Cet ouvrage s’articule autour des trois questions-clés que se sont d’emblée posées les chercheurs et qui leur ont servi de base de travail :
– Comment la gouvernance transfrontalière du Rhône a-t-elle évolué au cours du temps quand on sait que, pendant des décennies, ce fleuve était essentiellement regardé comme un outil de production d’énergie ? quels types de relations entretiennent entre eux les différents acteurs impliqués dans sa gestion ?
– Si l’on compare et analyse les différents modèles de gouvernance d’un fleuve transfrontalier, que peut-on dire de leurs atouts et de leurs faiblesses ? Dans quelle mesure la diversité des réponses apportées dépend-elle des contextes régionaux, des choix politiques et des orientations stratégiques ?
– A la lumière des expériences internationales, quels scénarios réalistes peut-on imaginer et développer de manière à susciter de nouvelles formes de coordination et de gouvernance transfrontalières entre les acteurs politiques et les utilisateurs du fleuve ?
Pas de scénario idéal
Aux termes de leur analyse, Christian Bréthaut et Géraldine Pflieger n’avancent aucun scénario idéal capable de répondre à tous les problèmes posés par la gestion transfrontalière du Rhône, mais proposent une base de réflexion et une gamme d’options pouvant elles-mêmes se décliner en diverses combinaisons possibles et selon des rythmes différents.

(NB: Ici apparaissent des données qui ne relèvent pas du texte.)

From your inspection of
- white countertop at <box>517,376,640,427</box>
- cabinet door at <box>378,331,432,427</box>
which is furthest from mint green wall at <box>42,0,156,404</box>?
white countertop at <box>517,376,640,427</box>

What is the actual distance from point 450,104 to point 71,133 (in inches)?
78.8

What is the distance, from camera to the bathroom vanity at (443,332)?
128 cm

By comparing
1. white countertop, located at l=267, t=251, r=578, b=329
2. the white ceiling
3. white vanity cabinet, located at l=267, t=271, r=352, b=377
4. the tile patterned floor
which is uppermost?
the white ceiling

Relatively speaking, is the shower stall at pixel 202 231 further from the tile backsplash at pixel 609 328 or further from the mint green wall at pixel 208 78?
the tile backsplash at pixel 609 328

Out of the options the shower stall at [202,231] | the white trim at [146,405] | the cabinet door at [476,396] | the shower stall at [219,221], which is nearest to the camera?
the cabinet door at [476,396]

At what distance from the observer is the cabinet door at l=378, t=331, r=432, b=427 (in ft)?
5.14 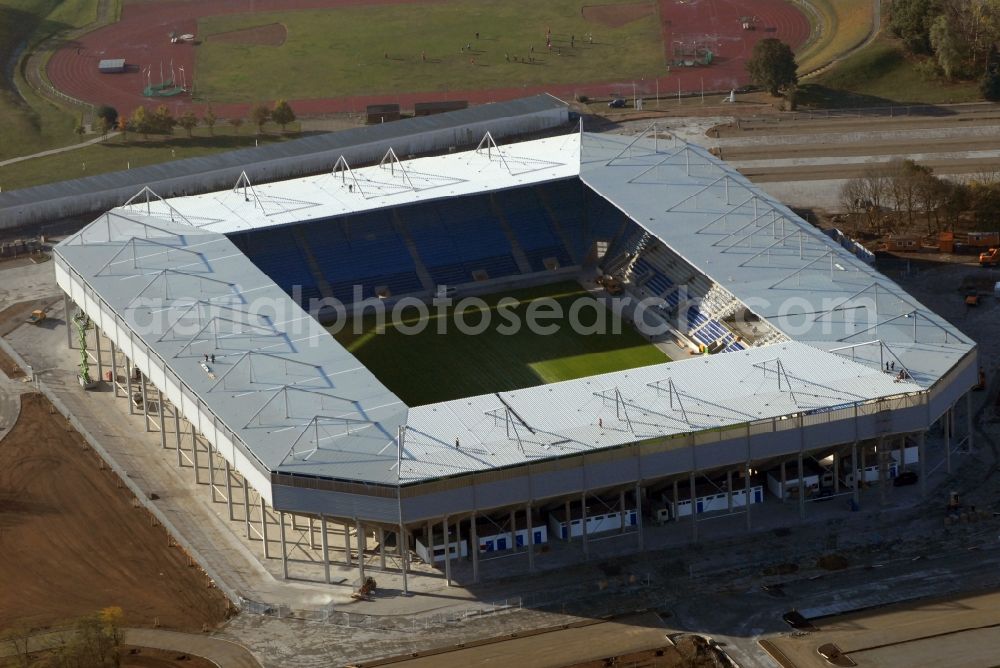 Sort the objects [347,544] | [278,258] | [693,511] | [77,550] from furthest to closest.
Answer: [278,258], [77,550], [693,511], [347,544]

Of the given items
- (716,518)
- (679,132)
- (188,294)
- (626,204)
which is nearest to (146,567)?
(188,294)

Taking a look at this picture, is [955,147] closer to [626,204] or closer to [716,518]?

Sur les neuf scénarios élaborés sur la base de trois modèles bien distincts de gestion fluviale - Rhin (mode intégré et centralisé), Danube (décentralisé et monofonctionnel), et Columbia, en Amérique du Nord (décentralisé et polycentrique) - les chercheurs en soulignent deux qui selon eux "se distinguent clairement par la force de leurs capacités de gouvernance", à savoir :
– une autorité binationale du bassin du Rhône, c’est-à-dire un organe permanent franco-suisse doté de personnalité juridique et d’autonomie financière, jouant le rôle d’autorité de surveillance, d’encadrement et d’arbitrage des différents secteurs d’activité liés au fleuve (énergie, irrigation, eau potable, pêche, navigation, etc.), bref un mode de gestion de haute compétence ;
– une commission internationale pour la protection et la gestion du Rhône : elle aussi dotée de personnalité juridique et d’autonomie financière, mais d’une moindre capacité de pilotage et d’arbitrage, elle serait articulée autour d’un secrétariat permanent chargé de la coordination de ses différentes politiques en collaboration avec toutes les parties prenantes pour mettre en œuvre divers programmes d’action communs.

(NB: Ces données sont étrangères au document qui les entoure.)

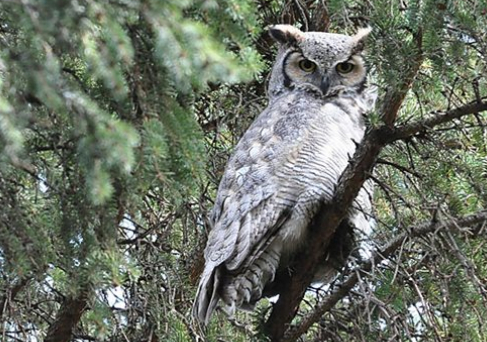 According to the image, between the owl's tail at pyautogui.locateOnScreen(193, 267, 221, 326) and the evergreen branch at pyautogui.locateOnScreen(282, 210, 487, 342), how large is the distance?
302 mm

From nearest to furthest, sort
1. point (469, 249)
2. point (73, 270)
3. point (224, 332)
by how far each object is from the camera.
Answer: point (73, 270) → point (469, 249) → point (224, 332)

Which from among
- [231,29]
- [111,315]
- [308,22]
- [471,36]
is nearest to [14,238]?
[111,315]

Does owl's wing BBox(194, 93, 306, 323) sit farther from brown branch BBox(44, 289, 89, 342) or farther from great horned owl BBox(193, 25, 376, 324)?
brown branch BBox(44, 289, 89, 342)

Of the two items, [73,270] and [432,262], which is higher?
[432,262]

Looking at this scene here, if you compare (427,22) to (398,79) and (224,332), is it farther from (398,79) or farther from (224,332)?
(224,332)

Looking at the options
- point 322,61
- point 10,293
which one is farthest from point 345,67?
point 10,293

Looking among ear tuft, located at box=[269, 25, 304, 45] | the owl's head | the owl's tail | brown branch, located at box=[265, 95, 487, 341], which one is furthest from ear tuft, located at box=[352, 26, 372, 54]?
the owl's tail

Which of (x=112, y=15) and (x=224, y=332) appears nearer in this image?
(x=112, y=15)

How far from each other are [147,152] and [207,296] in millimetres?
1171

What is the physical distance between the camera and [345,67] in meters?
3.77

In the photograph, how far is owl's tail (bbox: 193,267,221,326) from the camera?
125 inches

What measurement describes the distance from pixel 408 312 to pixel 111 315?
1.02 meters

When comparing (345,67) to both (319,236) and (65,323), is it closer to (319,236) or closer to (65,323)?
(319,236)

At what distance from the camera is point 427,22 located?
2.58 metres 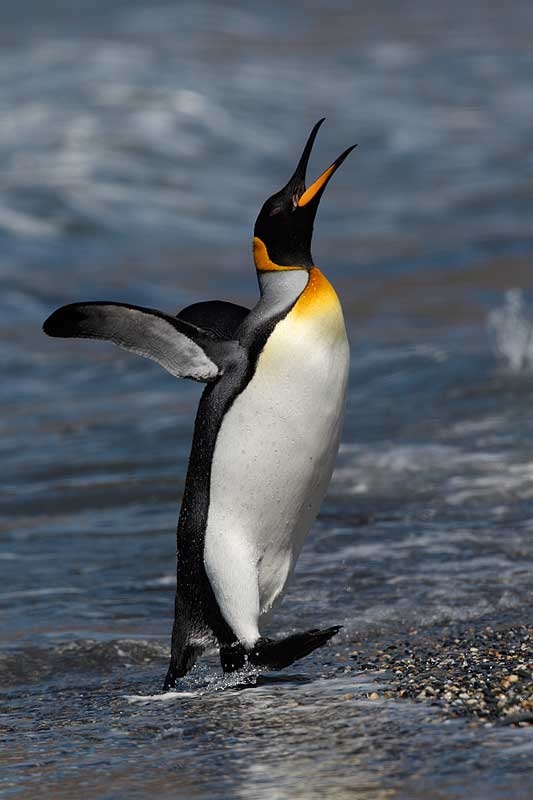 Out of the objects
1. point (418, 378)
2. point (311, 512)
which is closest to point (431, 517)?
point (311, 512)

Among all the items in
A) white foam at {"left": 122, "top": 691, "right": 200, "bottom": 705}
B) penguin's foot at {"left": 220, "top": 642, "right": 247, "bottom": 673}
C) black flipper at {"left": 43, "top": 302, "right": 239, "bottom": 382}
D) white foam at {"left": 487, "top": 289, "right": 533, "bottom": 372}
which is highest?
white foam at {"left": 487, "top": 289, "right": 533, "bottom": 372}

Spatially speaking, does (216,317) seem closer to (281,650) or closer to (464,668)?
(281,650)

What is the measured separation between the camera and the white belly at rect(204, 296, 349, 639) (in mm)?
4148

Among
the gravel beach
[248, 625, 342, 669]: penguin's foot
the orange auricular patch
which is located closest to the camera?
the gravel beach

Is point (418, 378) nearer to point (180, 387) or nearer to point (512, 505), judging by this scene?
point (180, 387)

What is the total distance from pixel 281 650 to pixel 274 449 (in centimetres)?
56

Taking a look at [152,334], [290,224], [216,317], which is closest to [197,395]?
[216,317]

Les chercheurs assortissent toutefois leurs conclusions de mises en garde : d’une part, une structure de grande envergure peut présenter un risque d’inertie et il vaudrait mieux alors privilégier un système peut-être moins intégré mais nettement plus flexible ; d’autre part, la mise en œuvre d’institutions très structurées peut entraîner d’importantes dépenses d’investissement et des coûts élevés de fonctionnement.

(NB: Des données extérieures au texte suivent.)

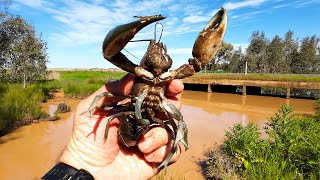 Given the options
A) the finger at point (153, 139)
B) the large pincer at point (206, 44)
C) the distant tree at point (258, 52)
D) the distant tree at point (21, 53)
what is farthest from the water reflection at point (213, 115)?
the distant tree at point (258, 52)

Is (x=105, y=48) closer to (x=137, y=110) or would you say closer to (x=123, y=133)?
(x=137, y=110)

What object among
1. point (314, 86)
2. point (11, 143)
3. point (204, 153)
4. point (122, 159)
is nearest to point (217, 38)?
point (122, 159)

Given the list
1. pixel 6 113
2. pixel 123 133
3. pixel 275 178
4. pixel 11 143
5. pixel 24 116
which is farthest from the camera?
pixel 24 116

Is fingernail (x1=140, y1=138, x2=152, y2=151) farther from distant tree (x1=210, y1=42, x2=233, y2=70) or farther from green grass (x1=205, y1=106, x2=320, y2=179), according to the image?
distant tree (x1=210, y1=42, x2=233, y2=70)

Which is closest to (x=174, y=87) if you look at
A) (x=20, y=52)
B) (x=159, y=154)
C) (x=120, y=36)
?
(x=159, y=154)

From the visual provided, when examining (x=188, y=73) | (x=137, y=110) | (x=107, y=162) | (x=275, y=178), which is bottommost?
(x=275, y=178)

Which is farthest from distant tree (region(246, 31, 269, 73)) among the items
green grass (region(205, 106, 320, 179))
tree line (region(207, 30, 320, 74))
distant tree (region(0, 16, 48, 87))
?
green grass (region(205, 106, 320, 179)) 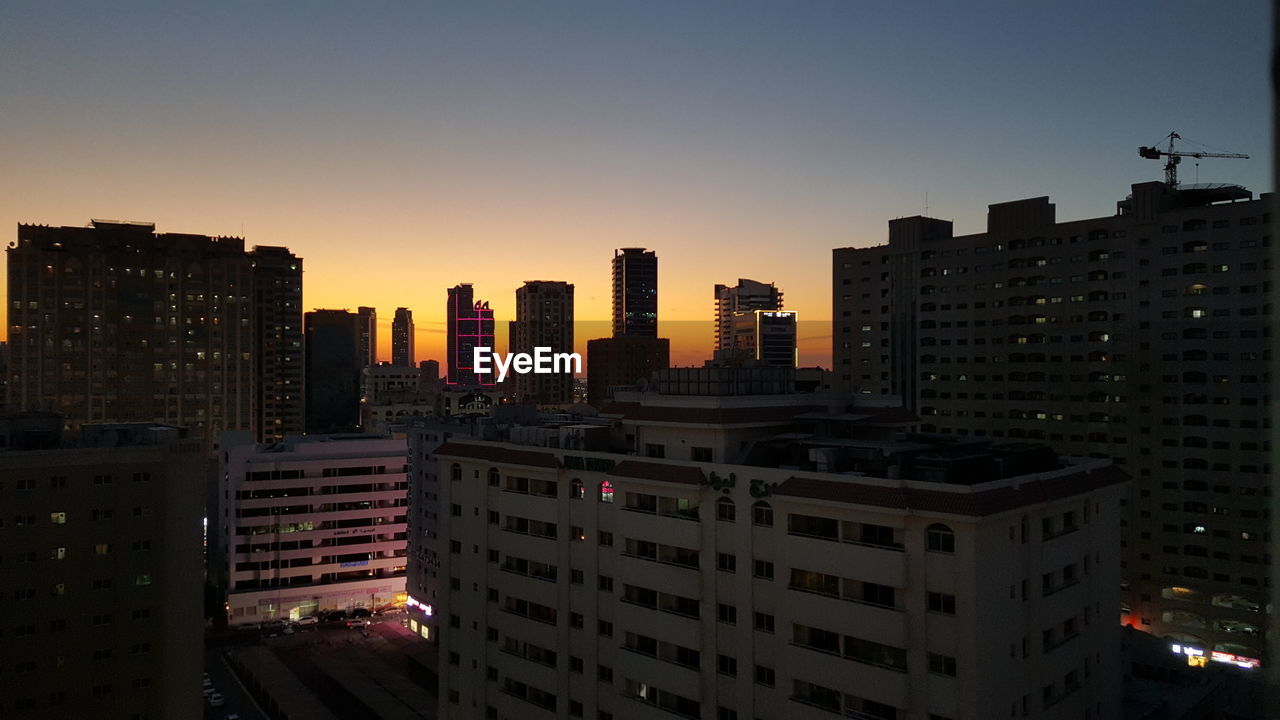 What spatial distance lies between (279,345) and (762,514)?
177835 millimetres

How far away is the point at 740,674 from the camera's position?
28875mm

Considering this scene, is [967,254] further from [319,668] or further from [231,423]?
[231,423]

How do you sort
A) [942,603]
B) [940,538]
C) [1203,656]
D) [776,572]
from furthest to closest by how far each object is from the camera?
1. [1203,656]
2. [776,572]
3. [940,538]
4. [942,603]

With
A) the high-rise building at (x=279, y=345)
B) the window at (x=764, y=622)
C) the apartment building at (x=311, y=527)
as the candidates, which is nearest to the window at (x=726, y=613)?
the window at (x=764, y=622)

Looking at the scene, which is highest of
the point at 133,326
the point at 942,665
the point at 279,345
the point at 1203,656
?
the point at 133,326

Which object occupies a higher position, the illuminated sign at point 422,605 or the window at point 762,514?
the window at point 762,514

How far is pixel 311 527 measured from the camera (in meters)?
84.6

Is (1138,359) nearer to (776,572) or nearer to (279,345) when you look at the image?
(776,572)

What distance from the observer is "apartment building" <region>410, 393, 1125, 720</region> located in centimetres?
2475

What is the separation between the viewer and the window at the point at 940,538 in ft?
80.7

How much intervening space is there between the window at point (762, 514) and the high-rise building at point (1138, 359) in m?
49.0

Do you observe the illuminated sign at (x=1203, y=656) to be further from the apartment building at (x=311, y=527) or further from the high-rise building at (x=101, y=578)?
the apartment building at (x=311, y=527)

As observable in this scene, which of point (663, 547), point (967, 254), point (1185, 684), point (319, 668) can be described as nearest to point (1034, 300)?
point (967, 254)

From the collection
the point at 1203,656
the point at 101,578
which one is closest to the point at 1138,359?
the point at 1203,656
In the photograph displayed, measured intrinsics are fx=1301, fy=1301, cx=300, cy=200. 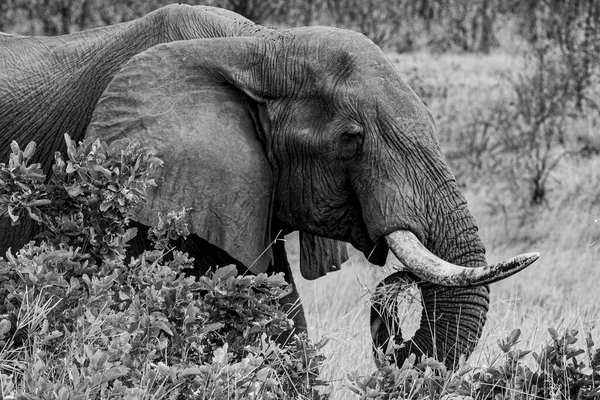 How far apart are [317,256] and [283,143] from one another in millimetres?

Au final, on comprend bien que les choix politiques et techniques sont difficiles à faire et qu’il s’agit de concilier des intérêts souvent divergents parfois contradictoires entre des acteurs d’amont et d’aval. À quoi s’ajoutent, aujourd’hui, de grandes incertitudes liées aux changements climatiques, aux quantités d’eau qui seront disponibles dans les prochaines décennies et à la préservation de leur qualité. Raisons de plus, dira-t-on, pour décupler les opportunités de dialogue entre usagers et riverains d’un fleuve transfrontalier aussi vital que le Rhône. (bw)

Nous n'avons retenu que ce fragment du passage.